While fleeing, the Resistance fleet is almost completely decimated, which older audience members were used to since the same thing happened to the Rebel Alliance fleet thirty years ago when they escaped Hoth. They almost ended the same way too: by the end of The Last Jedi, the Resistance is left with nothing but a few good soldiers, a Jedi and a lot of hope. By the end of Empire Strikes Back, the Rebel Alliance was left with nothing but a few ships, a Jedi and...well, you get it. Just like old times, eh Leia?

1. FAMILIAL VILLAINS

We know that Kylo Ren is trying, in many ways, to imitate his grandfather, Darth Vader. With the way The Last Jedi unfolds his story, you'd think that he wasn't necessarily doing it by choice. Sure, the black suit and voice-changer was probably Ren's choice, but let's look at everything that isn't: Ren and Vader are both supposedly incredible Force-users whose barks are worse than their bites. They both joined the dark side but clearly don't want to be there and, just as Vader faced Luke and ultimately failed to kill him, Kylo Ren faces Rey and fails to kill her.

In Empire Strikes Back, Vader fights Luke and then asks him to join the dark side so they could destroy the Emperor and rule the galaxy. The offer Kylo Ren makes for Rey in The Last Jedi is incredibly similar: join the dark side, topple the current regime and rule the galaxy...all the essentials of that offer are there. Ren and Vader even use family as a way to sweeten the deal. Vader used his fatherhood while Ren reminded Rey that her parents were nobodies, that they thought she was nothing and that he didn't. Like Vader, like grandson.
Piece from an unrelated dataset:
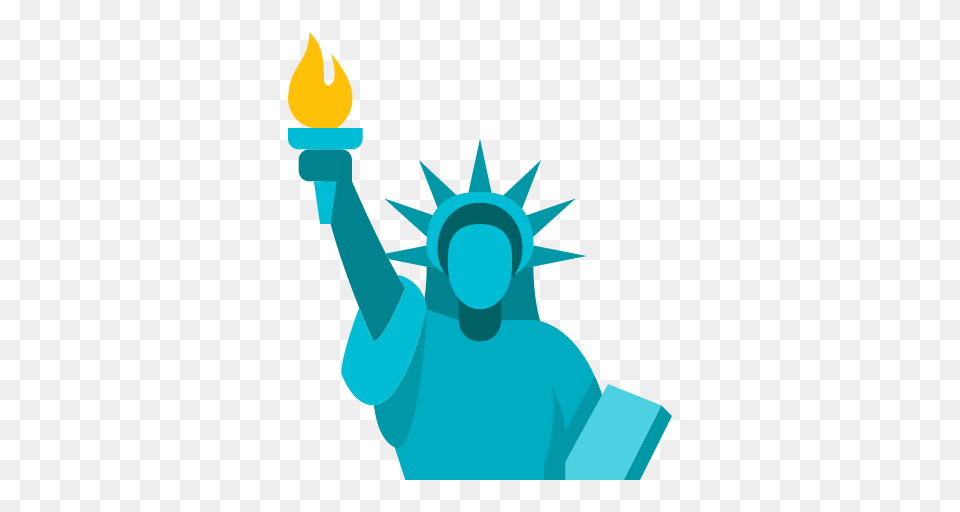 Statue Of Liberty Monument Monuments Icon With And Vector, Light, Torch, Baby, Person Free Transparent Png
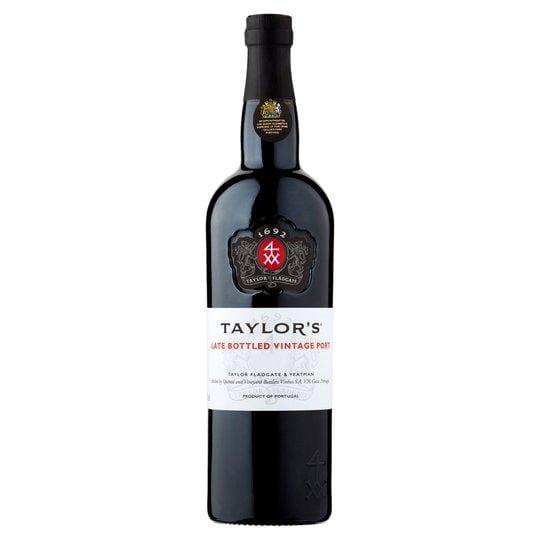 Taylors L.B.V. Port 75cl - alcohol delivery Derby | Bevvys2u Derby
J.J. Abrams said of The Force Awakens that the similarities between that film and A New Hope were intentional and that it was meant to help ease fans into a new Star Wars with new characters and worlds. Perhaps Rian Johnson thought it best to continue in that attempt. Despite these similarities, The Last Jedi does feel like more of a departure than its predecessor.

In theaters now, director Rian Johnson’s The Last Jedi stars Daisy Ridley as Rey, John Boyega as Finn, Oscar Isaac as Poe Dameron, Adam Driver as Kylo Ren, Mark Hamill as Luke Skywalker, Carrie Fisher as Leia Organa, Andy Serkis as Supreme Leader Snoke, Domhnall Gleeson as General Hux, Kelly Marie Tran as Rose Tico and Laura Dern as Vice Admiral Amilyn Holdo.